8K Token-Length Bilingual Embeddings Break Language Barriers in Chinese and English
The first bilingual Chinese-English embedding model with 8192 token-length.
Following the remarkable success of the previous Embeddings V2, we are thrilled to announce the launch of our latest Chinese/English bilingual text embedding model: jina-embeddings-v2-base-zh
. This new model inherits the exceptional 8K token length of Jina Embeddings V2, now with robust support for both Chinese and English languages.
jina-embeddings-v2-base-zh
stands out for its exceptional quality and performance, achieved through rigorous and balanced pre-training with high-quality bilingual data. This approach ensures a significant reduction in bias, often seen in models trained with unbalanced multilingual data.
Highlights
- Bilingual Model: This model encodes texts in both English and Chinese, allowing the use of either language as the query or target document. Texts with equivalent meanings in these languages are mapped to the same embedding space, forming the basis for numerous multilingual applications.

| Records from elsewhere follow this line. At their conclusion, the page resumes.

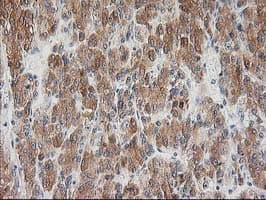 BAIAP2 / IRSP53 Antibody (clone OTI8G8)
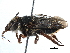  (Megachile orba - 06730C05-BRA)  @11 [ ] CreativeCommons - Attribution (2016) CBG Photography Group Centre for Biodiversity Genomics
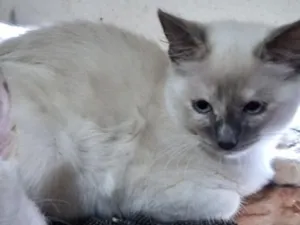 Gato raça SRD-ViraLata idade 2 a 6 meses nome Elisabeth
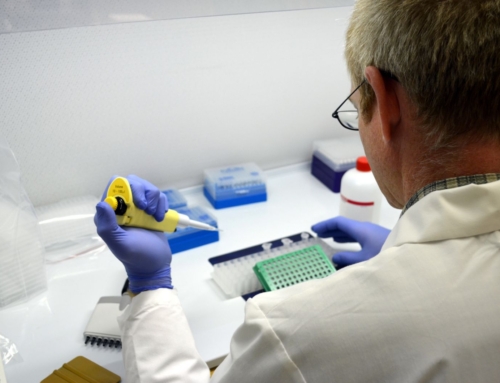 How to Choose the Right Endogenous Control Genes for Your qPCR Experiment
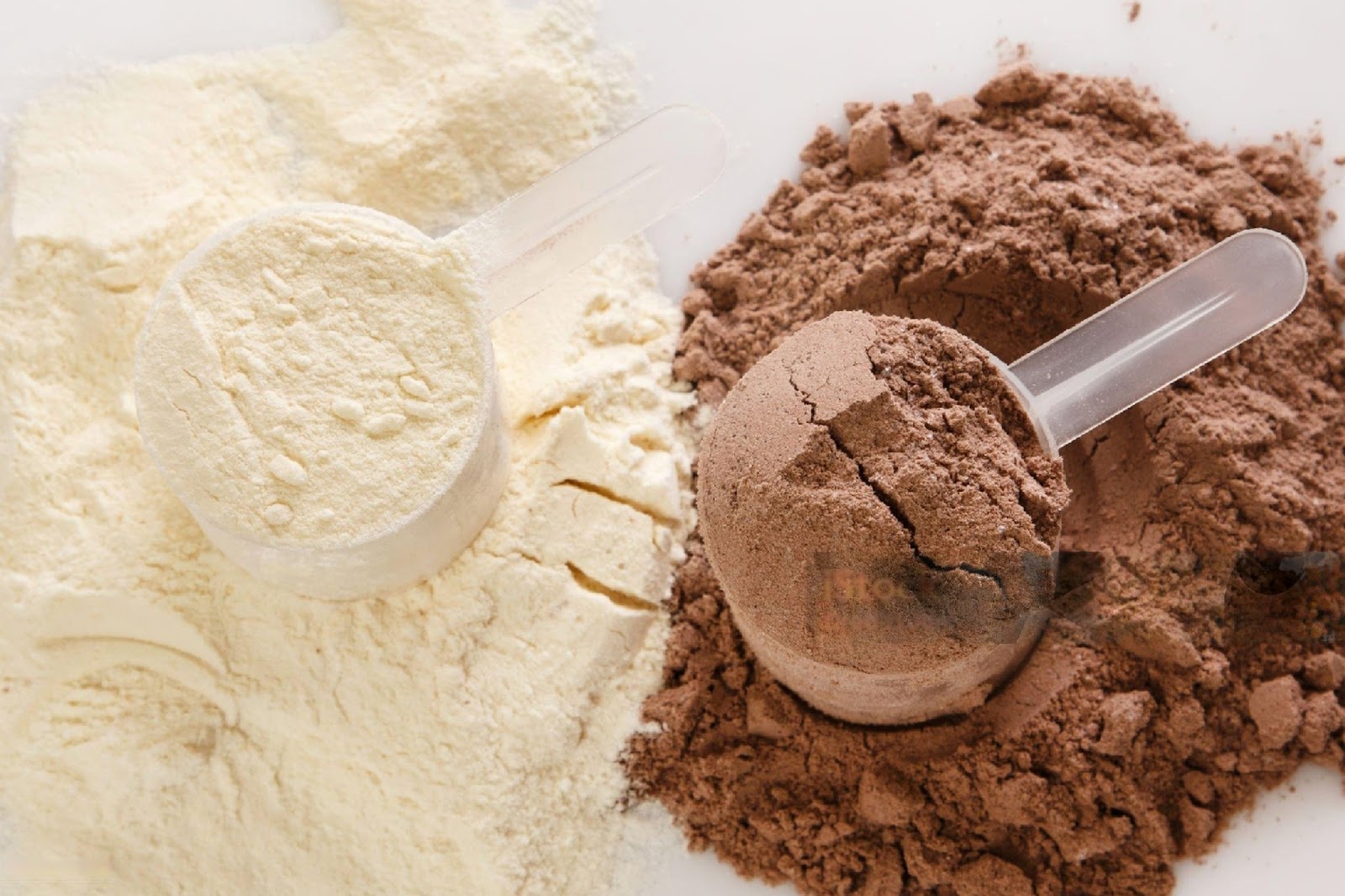 whey isolate and whey protein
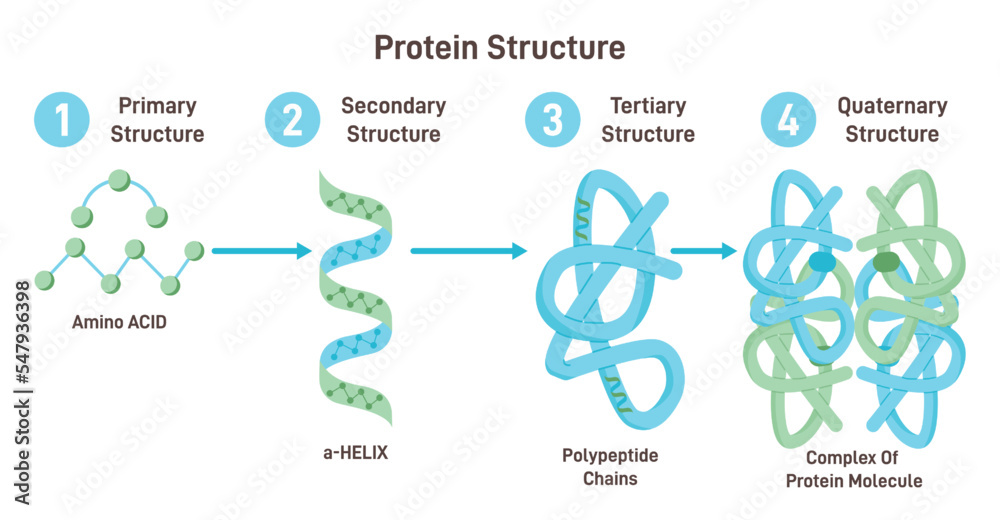 Protein structure. Amino acid chain molecule scheme. Primary structure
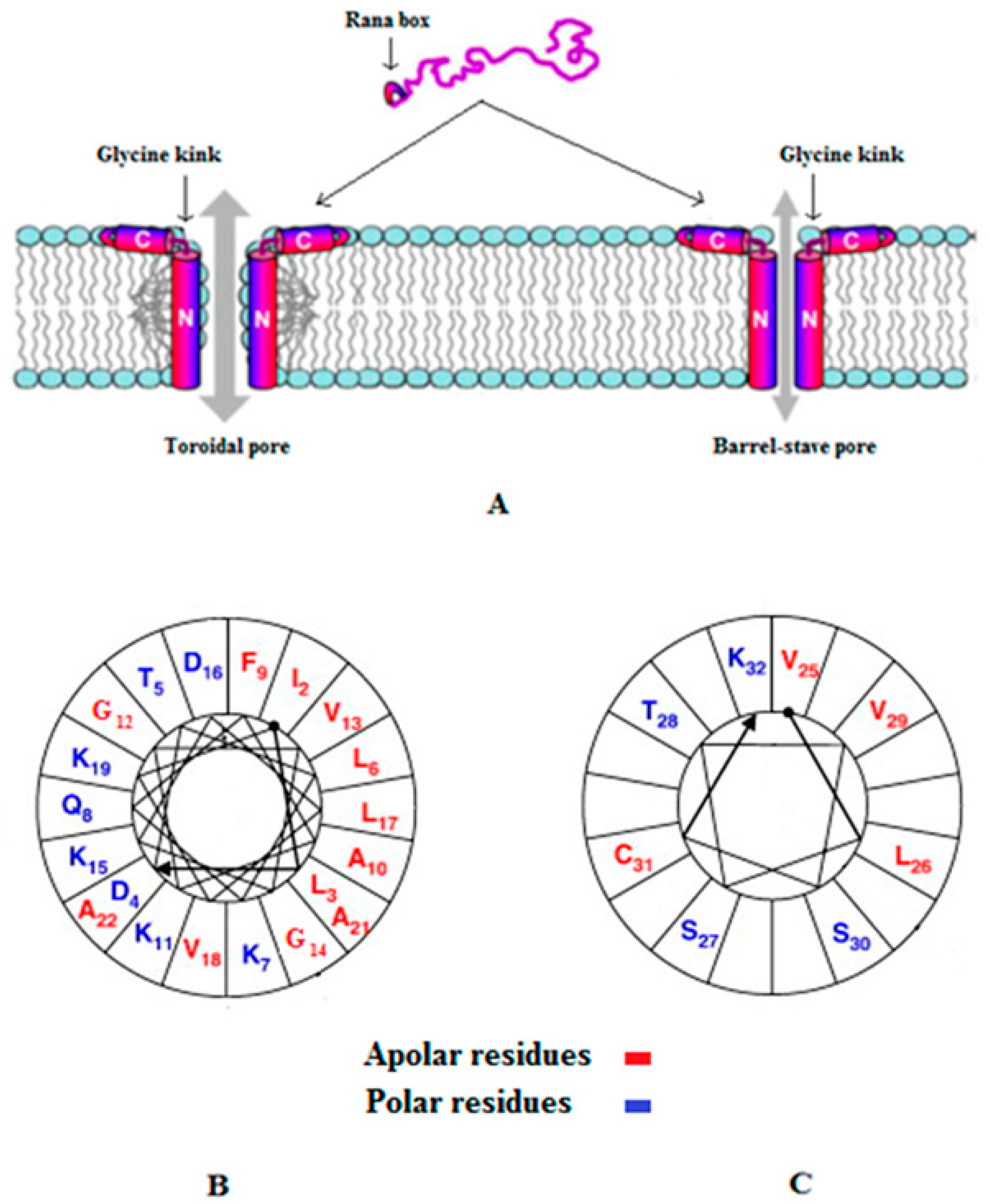 Pharmaceuticals Free Full-Text pH Dependent Antimicrobial Peptides and Proteins, Their Mechanisms of Action and Potential as Therapeutic Agents pic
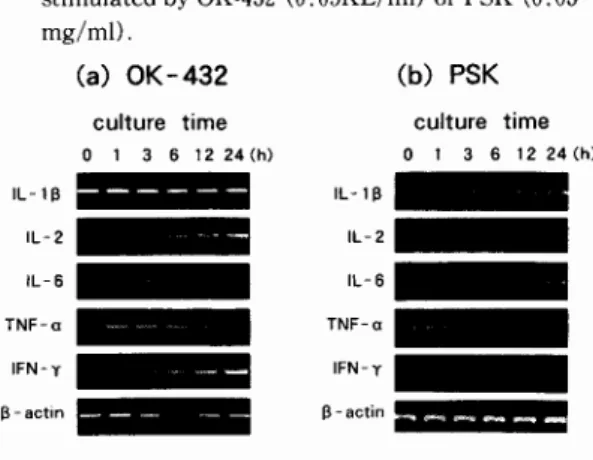 Fig.  I  Time course of mRNA  expression  for IL-l B,  lL-z,  IL-6,  TNF-a  and  IFN-7  in  PBMC stimulated by OK-432 (0 .OsKE/ml) or PSK (0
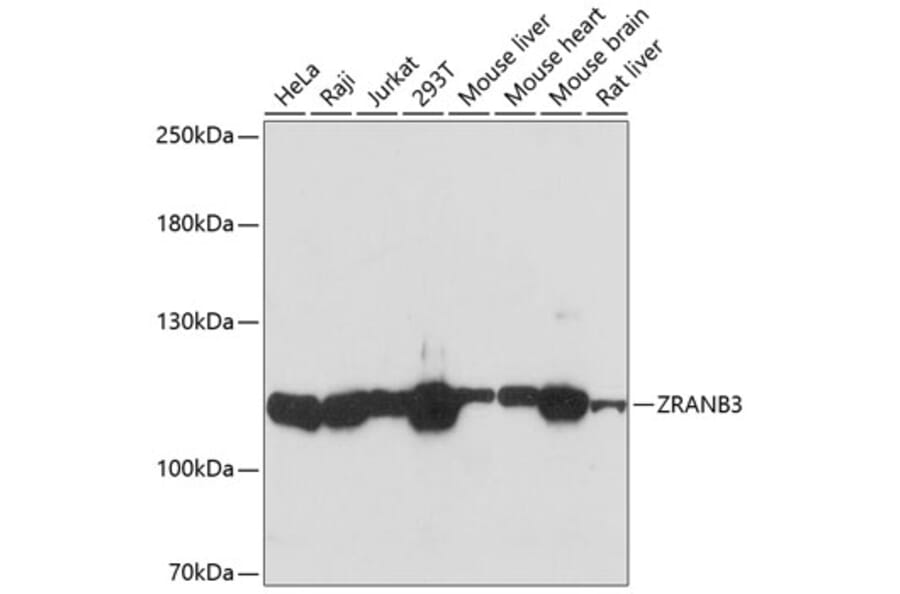Western Blot - Anti-AH2 Antibody (A88073) - Antibodies.com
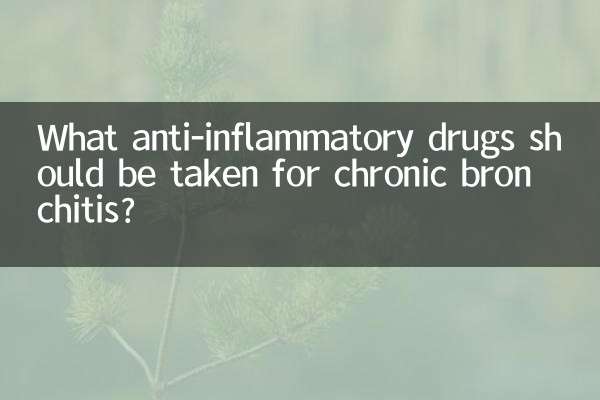 Welche entzündungshemmenden Medikamente sollten bei chronischer Bronchitis eingenommen werden?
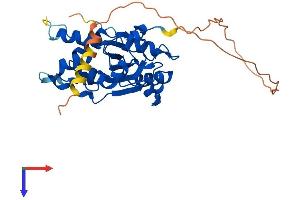 AlphaFold protein structure predicition of Mouse Recombinant Trex1 Protein, UniprotID Q91XB0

- Extended 8K Token-Length: Our model is capable of processing significantly large text passages, a feature that exceeds the capabilities of most other open-source models.
- Compact and Efficient: With a size of 322MB (161 million parameters) and output dimensions of 768, our model is designed for high performance on standard computer hardware without GPU, enhancing its accessibility.
Leading Performance on C-MTEB
In the Chinese MTEB leaderboard, our Jina Embeddings v2, supporting both Chinese and English, stands out as one of the top models under 0.5GB. What sets it apart is its impressive 8K token-length capability, a unique feature in its category.
Among Chinese models of similar size, only the E5 Multilingual model and our jina-embeddings-v2-base-zh
offer support for English, enabling effective cross-language applications. Notably, Jina demonstrates significantly superior performance in all categories involving the Chinese language.
While both models have an 8K token context size, jina-embeddings-v2-base-zh
significantly outperforms OpenAI's text-embedding-ada-002
, especially in tasks involving the Chinese language.
Empowering Chinese Enterprises for Global Expansion
Our Chinese-English embedding model is a powerful tool for Chinese companies looking to 'go global' (出海). It seamlessly processes Chinese texts, providing high-quality embeddings that effortlessly integrate with leading vector databases, search systems, RAG applications.
jina-embeddings-v2-base-zh
is especially beneficial for developing AI applications tailored to Chinese-English contexts, crucial for businesses expanding internationally. Here are some specific use cases:
- Document Analysis and Management: It can analyze and manage a vast array of documents, aiding in international legal and business transactions.
- AI-Powered Search Applications: Enhances search functions in multilingual environments, making it easier for global users to find relevant information in Chinese and English.
- Retrieval-Augmented Chatbots and Question-Answering: Builds efficient, bilingual customer service bots, improving interactions with customers worldwide.
- Natural Language Processing Applications: This includes sentiment analysis for understanding global market trends, topic modeling for international marketing strategies, and text classification for managing global communication.
- Recommender Systems: Tailors product and content recommendations for diverse global audiences, using insights drawn from Chinese and English data.
By leveraging this model, Chinese enterprises can effectively bridge the language gap in their AI applications, enhancing their global competitiveness and market reach.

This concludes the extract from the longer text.